Dataset items:
----------------
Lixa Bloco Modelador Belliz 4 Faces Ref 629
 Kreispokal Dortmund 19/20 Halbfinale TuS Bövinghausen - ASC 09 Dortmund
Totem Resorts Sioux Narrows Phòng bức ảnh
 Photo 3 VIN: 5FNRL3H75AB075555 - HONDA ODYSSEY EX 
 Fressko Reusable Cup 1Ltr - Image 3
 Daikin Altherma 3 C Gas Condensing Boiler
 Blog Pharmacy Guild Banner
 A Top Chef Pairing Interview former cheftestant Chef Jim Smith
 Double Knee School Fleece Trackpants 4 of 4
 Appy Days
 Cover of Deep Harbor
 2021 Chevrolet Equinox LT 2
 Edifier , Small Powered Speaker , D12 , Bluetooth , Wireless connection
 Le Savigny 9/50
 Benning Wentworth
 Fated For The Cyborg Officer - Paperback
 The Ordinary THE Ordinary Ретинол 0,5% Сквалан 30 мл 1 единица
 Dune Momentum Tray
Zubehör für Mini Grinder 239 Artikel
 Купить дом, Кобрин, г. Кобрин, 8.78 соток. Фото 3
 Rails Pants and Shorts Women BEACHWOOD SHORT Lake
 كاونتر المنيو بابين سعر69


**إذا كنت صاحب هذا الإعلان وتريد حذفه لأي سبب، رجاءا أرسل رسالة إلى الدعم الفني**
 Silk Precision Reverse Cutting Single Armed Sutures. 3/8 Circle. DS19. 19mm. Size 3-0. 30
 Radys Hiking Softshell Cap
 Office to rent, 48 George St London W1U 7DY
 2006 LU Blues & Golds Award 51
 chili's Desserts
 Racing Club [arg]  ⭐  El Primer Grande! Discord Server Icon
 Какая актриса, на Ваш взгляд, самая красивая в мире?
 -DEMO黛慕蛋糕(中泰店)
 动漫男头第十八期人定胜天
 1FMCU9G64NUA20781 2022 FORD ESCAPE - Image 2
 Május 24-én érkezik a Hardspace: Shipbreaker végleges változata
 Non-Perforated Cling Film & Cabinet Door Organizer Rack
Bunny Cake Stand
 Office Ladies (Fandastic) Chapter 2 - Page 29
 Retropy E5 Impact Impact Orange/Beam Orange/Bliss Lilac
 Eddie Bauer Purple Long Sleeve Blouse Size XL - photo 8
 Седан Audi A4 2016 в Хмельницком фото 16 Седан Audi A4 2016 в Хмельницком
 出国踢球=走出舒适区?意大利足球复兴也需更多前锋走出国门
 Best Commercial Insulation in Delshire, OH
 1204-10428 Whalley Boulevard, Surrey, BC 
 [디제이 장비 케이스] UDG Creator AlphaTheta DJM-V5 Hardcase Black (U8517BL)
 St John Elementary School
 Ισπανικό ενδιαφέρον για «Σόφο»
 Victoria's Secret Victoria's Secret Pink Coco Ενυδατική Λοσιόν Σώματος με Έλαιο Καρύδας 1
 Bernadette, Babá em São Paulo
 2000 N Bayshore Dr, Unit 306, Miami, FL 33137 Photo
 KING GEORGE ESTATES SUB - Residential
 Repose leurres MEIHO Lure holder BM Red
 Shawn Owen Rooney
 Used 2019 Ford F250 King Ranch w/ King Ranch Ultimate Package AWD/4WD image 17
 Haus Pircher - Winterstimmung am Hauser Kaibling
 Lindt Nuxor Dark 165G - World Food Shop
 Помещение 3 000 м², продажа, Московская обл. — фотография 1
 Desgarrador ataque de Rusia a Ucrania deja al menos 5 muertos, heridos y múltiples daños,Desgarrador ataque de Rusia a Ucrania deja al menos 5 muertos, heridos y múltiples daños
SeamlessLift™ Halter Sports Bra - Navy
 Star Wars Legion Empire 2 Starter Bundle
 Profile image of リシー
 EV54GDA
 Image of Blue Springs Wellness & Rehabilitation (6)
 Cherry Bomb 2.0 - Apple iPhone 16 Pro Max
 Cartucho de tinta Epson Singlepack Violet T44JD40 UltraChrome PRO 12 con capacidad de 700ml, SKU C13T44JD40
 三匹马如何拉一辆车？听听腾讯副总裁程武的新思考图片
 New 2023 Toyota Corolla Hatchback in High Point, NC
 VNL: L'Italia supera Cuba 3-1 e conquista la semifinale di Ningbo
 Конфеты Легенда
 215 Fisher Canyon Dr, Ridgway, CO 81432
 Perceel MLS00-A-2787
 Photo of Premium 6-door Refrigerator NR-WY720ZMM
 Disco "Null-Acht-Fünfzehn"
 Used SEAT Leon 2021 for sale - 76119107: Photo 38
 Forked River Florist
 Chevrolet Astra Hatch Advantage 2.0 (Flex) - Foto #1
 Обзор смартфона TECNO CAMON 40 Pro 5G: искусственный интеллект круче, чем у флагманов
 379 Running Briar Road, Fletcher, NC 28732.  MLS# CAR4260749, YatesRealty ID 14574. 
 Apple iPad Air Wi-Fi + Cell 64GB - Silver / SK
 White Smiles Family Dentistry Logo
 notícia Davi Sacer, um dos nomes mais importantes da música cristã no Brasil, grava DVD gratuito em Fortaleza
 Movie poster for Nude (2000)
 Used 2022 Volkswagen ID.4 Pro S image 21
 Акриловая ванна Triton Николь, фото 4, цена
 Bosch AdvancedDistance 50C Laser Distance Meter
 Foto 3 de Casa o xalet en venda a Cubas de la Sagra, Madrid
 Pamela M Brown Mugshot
----------------
- **Work instructions**
The data is to be reproduced in full, every line intact.

- **Result of the task**
Lixa Bloco Modelador Belliz 4 Faces Ref 629
 Kreispokal Dortmund 19/20 Halbfinale TuS Bövinghausen - ASC 09 Dortmund
Totem Resorts Sioux Narrows Phòng bức ảnh
 Photo 3 VIN: 5FNRL3H75AB075555 - HONDA ODYSSEY EX 
 Fressko Reusable Cup 1Ltr - Image 3
 Daikin Altherma 3 C Gas Condensing Boiler
 Blog Pharmacy Guild Banner
 A Top Chef Pairing Interview former cheftestant Chef Jim Smith
 Double Knee School Fleece Trackpants 4 of 4
 Appy Days
 Cover of Deep Harbor
 2021 Chevrolet Equinox LT 2
 Edifier , Small Powered Speaker , D12 , Bluetooth , Wireless connection
 Le Savigny 9/50
 Benning Wentworth
 Fated For The Cyborg Officer - Paperback
 The Ordinary THE Ordinary Ретинол 0,5% Сквалан 30 мл 1 единица
 Dune Momentum Tray
Zubehör für Mini Grinder 239 Artikel
 Купить дом, Кобрин, г. Кобрин, 8.78 соток. Фото 3
 Rails Pants and Shorts Women BEACHWOOD SHORT Lake
 كاونتر المنيو بابين سعر69


**إذا كنت صاحب هذا الإعلان وتريد حذفه لأي سبب، رجاءا أرسل رسالة إلى الدعم الفني**
 Silk Precision Reverse Cutting Single Armed Sutures. 3/8 Circle. DS19. 19mm. Size 3-0. 30
 Radys Hiking Softshell Cap
 Office to rent, 48 George St London W1U 7DY
 2006 LU Blues & Golds Award 51
 chili's Desserts
 Racing Club [arg]  ⭐  El Primer Grande! Discord Server Icon
 Какая актриса, на Ваш взгляд, самая красивая в мире?
 -DEMO黛慕蛋糕(中泰店)
 动漫男头第十八期人定胜天
 1FMCU9G64NUA20781 2022 FORD ESCAPE - Image 2
 Május 24-én érkezik a Hardspace: Shipbreaker végleges változata
 Non-Perforated Cling Film & Cabinet Door Organizer Rack
Bunny Cake Stand
 Office Ladies (Fandastic) Chapter 2 - Page 29
 Retropy E5 Impact Impact Orange/Beam Orange/Bliss Lilac
 Eddie Bauer Purple Long Sleeve Blouse Size XL - photo 8
 Седан Audi A4 2016 в Хмельницком фото 16 Седан Audi A4 2016 в Хмельницком
 出国踢球=走出舒适区?意大利足球复兴也需更多前锋走出国门
 Best Commercial Insulation in Delshire, OH
 1204-10428 Whalley Boulevard, Surrey, BC 
 [디제이 장비 케이스] UDG Creator AlphaTheta DJM-V5 Hardcase Black (U8517BL)
 St John Elementary School
 Ισπανικό ενδιαφέρον για «Σόφο»
 Victoria's Secret Victoria's Secret Pink Coco Ενυδατική Λοσιόν Σώματος με Έλαιο Καρύδας 1
 Bernadette, Babá em São Paulo
 2000 N Bayshore Dr, Unit 306, Miami, FL 33137 Photo
 KING GEORGE ESTATES SUB - Residential
 Repose leurres MEIHO Lure holder BM Red
 Shawn Owen Rooney
 Used 2019 Ford F250 King Ranch w/ King Ranch Ultimate Package AWD/4WD image 17
 Haus Pircher - Winterstimmung am Hauser Kaibling
 Lindt Nuxor Dark 165G - World Food Shop
 Помещение 3 000 м², продажа, Московская обл. — фотография 1
 Desgarrador ataque de Rusia a Ucrania deja al menos 5 muertos, heridos y múltiples daños,Desgarrador ataque de Rusia a Ucrania deja al menos 5 muertos, heridos y múltiples daños
SeamlessLift™ Halter Sports Bra - Navy
 Star Wars Legion Empire 2 Starter Bundle
 Profile image of リシー
 EV54GDA
 Image of Blue Springs Wellness & Rehabilitation (6)
 Cherry Bomb 2.0 - Apple iPhone 16 Pro Max
 Cartucho de tinta Epson Singlepack Violet T44JD40 UltraChrome PRO 12 con capacidad de 700ml, SKU C13T44JD40
 三匹马如何拉一辆车？听听腾讯副总裁程武的新思考图片
 New 2023 Toyota Corolla Hatchback in High Point, NC
 VNL: L'Italia supera Cuba 3-1 e conquista la semifinale di Ningbo
 Конфеты Легенда
 215 Fisher Canyon Dr, Ridgway, CO 81432
 Perceel MLS00-A-2787
 Photo of Premium 6-door Refrigerator NR-WY720ZMM
 Disco "Null-Acht-Fünfzehn"
 Used SEAT Leon 2021 for sale - 76119107: Photo 38
 Forked River Florist
 Chevrolet Astra Hatch Advantage 2.0 (Flex) - Foto #1
 Обзор смартфона TECNO CAMON 40 Pro 5G: искусственный интеллект круче, чем у флагманов
 379 Running Briar Road, Fletcher, NC 28732.  MLS# CAR4260749, YatesRealty ID 14574. 
 Apple iPad Air Wi-Fi + Cell 64GB - Silver / SK
 White Smiles Family Dentistry Logo
 notícia Davi Sacer, um dos nomes mais importantes da música cristã no Brasil, grava DVD gratuito em Fortaleza
 Movie poster for Nude (2000)
 Used 2022 Volkswagen ID.4 Pro S image 21
 Акриловая ванна Triton Николь, фото 4, цена
 Bosch AdvancedDistance 50C Laser Distance Meter
 Foto 3 de Casa o xalet en venda a Cubas de la Sagra, Madrid
 Pamela M Brown Mugshot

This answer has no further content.